Skip to content

Inpainting VAE Encode (WAS)

Documentation

  • Class name: VAEEncodeForInpaint (WAS)
  • Category: latent/inpaint
  • Output node: False

This node is designed for encoding images for inpainting tasks using a Variational Autoencoder (VAE). It processes images, masks, and mask offsets to generate latent representations that are suitable for inpainting, adjusting the input mask based on the specified offset to prepare the image for encoding.

Input types

Required

  • pixels
    • The input image to be encoded for inpainting. It plays a crucial role in determining the output latent representation.
    • Comfy dtype: IMAGE
    • Python dtype: torch.Tensor
  • vae
    • The Variational Autoencoder (VAE) model used for encoding the input image into a latent representation.
    • Comfy dtype: VAE
    • Python dtype: VAE
  • mask
    • A mask indicating the regions of the image to be inpainted. It is used to modify the input image before encoding.
    • Comfy dtype: MASK
    • Python dtype: torch.Tensor
  • mask_offset
    • An integer specifying how much to modify the mask by. This affects the area of the image to be inpainted by either expanding or contracting the masked region.
    • Comfy dtype: INT
    • Python dtype: int

Output types

  • latent
    • Comfy dtype: LATENT
    • The latent representation of the input image, suitable for use in inpainting tasks.
    • Python dtype: Dict[str, torch.Tensor]

Usage tips

  • Infra type: GPU
  • Common nodes: unknown

Source code

class WAS_VAEEncodeForInpaint:
    @classmethod
    def INPUT_TYPES(s):
        return {"required": { "pixels": ("IMAGE", ), "vae": ("VAE", ), "mask": ("MASK", ), "mask_offset": ("INT", {"default": 6, "min": -128, "max": 128, "step": 1}),}}
    RETURN_TYPES = ("LATENT",)
    FUNCTION = "encode"

    CATEGORY = "latent/inpaint"

    def encode(self, vae, pixels, mask, mask_offset=6):
        x = (pixels.shape[1] // 8) * 8
        y = (pixels.shape[2] // 8) * 8
        mask = torch.nn.functional.interpolate(mask.reshape((-1, 1, mask.shape[-2], mask.shape[-1])), size=(pixels.shape[1], pixels.shape[2]), mode="bilinear")

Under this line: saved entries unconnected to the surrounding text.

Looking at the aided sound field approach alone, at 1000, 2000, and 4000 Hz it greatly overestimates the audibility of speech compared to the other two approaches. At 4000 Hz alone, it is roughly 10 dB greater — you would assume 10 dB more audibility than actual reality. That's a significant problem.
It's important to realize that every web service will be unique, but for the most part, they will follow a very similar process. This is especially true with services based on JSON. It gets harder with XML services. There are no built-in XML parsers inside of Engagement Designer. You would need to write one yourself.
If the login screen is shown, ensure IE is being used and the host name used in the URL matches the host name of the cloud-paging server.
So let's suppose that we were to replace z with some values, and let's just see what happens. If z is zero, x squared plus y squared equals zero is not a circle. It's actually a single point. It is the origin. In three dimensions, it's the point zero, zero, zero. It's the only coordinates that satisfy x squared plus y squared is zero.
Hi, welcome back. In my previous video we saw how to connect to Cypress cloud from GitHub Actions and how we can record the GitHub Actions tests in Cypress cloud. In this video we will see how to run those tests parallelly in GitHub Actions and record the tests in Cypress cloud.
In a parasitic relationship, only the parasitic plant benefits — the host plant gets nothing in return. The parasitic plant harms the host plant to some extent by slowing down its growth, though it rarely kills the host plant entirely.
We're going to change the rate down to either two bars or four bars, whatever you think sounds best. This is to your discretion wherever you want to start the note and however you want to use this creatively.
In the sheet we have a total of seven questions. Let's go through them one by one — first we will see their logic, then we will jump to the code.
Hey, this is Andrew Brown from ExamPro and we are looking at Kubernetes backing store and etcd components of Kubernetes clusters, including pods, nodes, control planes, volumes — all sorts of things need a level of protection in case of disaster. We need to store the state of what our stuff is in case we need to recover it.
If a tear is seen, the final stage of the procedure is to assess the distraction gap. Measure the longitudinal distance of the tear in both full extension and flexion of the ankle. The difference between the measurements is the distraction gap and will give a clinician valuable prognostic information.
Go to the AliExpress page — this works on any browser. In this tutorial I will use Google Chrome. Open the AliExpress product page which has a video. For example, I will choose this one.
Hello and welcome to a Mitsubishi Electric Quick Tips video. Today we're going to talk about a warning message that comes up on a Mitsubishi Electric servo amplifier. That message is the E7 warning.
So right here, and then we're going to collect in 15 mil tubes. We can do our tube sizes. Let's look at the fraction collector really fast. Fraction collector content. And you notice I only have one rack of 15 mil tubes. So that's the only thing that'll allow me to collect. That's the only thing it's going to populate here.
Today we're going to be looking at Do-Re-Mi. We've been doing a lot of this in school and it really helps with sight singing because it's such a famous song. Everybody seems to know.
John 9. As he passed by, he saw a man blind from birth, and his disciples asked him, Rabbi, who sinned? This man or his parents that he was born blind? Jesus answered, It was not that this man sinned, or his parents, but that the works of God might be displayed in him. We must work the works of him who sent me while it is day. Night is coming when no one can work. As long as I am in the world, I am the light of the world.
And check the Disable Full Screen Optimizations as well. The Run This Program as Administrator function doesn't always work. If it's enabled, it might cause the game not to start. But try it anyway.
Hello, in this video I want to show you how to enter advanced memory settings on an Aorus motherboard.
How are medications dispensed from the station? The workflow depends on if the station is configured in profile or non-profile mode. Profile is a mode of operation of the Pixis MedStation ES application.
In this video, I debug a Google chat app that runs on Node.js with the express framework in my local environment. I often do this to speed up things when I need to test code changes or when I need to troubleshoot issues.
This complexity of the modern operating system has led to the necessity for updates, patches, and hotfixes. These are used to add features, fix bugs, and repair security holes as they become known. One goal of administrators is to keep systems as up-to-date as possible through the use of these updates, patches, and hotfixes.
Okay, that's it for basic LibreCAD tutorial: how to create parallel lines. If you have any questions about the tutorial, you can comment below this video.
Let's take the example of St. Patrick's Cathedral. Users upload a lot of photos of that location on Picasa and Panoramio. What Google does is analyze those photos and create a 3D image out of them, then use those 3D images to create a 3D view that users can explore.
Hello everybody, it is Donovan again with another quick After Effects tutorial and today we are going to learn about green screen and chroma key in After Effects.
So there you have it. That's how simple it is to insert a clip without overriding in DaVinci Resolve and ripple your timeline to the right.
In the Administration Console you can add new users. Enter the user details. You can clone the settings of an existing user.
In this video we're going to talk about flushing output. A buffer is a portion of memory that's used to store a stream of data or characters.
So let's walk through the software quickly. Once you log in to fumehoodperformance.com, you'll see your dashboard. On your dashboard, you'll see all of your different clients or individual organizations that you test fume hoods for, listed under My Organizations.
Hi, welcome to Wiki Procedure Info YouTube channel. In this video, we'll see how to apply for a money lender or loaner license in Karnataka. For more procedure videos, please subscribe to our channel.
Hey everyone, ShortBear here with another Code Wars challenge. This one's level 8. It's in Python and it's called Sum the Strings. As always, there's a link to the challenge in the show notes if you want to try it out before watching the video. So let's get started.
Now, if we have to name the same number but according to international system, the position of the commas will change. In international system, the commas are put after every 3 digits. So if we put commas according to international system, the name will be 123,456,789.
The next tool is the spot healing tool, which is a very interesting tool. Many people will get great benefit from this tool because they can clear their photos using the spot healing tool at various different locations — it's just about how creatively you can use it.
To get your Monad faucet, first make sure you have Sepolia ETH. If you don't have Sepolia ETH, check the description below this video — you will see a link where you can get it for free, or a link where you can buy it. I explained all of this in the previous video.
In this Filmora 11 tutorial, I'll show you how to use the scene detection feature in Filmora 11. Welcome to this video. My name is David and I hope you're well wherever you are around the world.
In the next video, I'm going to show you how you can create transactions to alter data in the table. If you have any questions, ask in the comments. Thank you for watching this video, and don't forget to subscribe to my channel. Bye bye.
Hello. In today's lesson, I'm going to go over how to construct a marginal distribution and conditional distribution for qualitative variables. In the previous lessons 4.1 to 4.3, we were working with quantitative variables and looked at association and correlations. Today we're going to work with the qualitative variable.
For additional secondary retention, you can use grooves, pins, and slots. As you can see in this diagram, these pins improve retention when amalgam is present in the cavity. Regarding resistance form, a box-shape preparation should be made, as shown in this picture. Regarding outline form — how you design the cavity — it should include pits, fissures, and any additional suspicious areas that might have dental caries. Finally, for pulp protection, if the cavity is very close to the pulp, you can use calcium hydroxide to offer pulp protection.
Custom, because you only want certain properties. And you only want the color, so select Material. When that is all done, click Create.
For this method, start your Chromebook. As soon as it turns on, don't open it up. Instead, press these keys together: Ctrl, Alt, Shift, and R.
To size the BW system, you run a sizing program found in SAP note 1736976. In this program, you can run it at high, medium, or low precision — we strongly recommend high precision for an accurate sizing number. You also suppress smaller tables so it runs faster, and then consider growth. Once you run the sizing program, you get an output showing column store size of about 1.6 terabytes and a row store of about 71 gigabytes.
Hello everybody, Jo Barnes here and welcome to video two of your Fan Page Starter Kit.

        pixels = pixels.clone()
        if pixels.shape[1] != x or pixels.shape[2] != y:
            x_offset = (pixels.shape[1] % 8) // 2
            y_offset = (pixels.shape[2] % 8) // 2
            pixels = pixels[:,x_offset:x + x_offset, y_offset:y + y_offset,:]
            mask = mask[:,:,x_offset:x + x_offset, y_offset:y + y_offset]

        mask_erosion = self.modify_mask(mask, mask_offset)

        m = (1.0 - mask_erosion.round()).squeeze(1)
        for i in range(3):
            pixels[:,:,:,i] -= 0.5
            pixels[:,:,:,i] *= m
            pixels[:,:,:,i] += 0.5
        t = vae.encode(pixels)

        return ({"samples":t, "noise_mask": (mask_erosion[:,:,:x,:y].round())}, )

    def modify_mask(self, mask, modify_by):
        if modify_by == 0:
            return mask
        if modify_by > 0:
            kernel_size = 2 * modify_by + 1
            kernel_tensor = torch.ones((1, 1, kernel_size, kernel_size))
            padding = modify_by
            modified_mask = torch.clamp(torch.nn.functional.conv2d(mask.round(), kernel_tensor, padding=padding), 0, 1)
        else:
            kernel_size = 2 * abs(modify_by) + 1
            kernel_tensor = torch.ones((1, 1, kernel_size, kernel_size))
            padding = abs(modify_by)
            eroded_mask = torch.nn.functional.conv2d(1 - mask.round(), kernel_tensor, padding=padding)
            modified_mask = torch.clamp(1 - eroded_mask, 0, 1)
        return modified_mask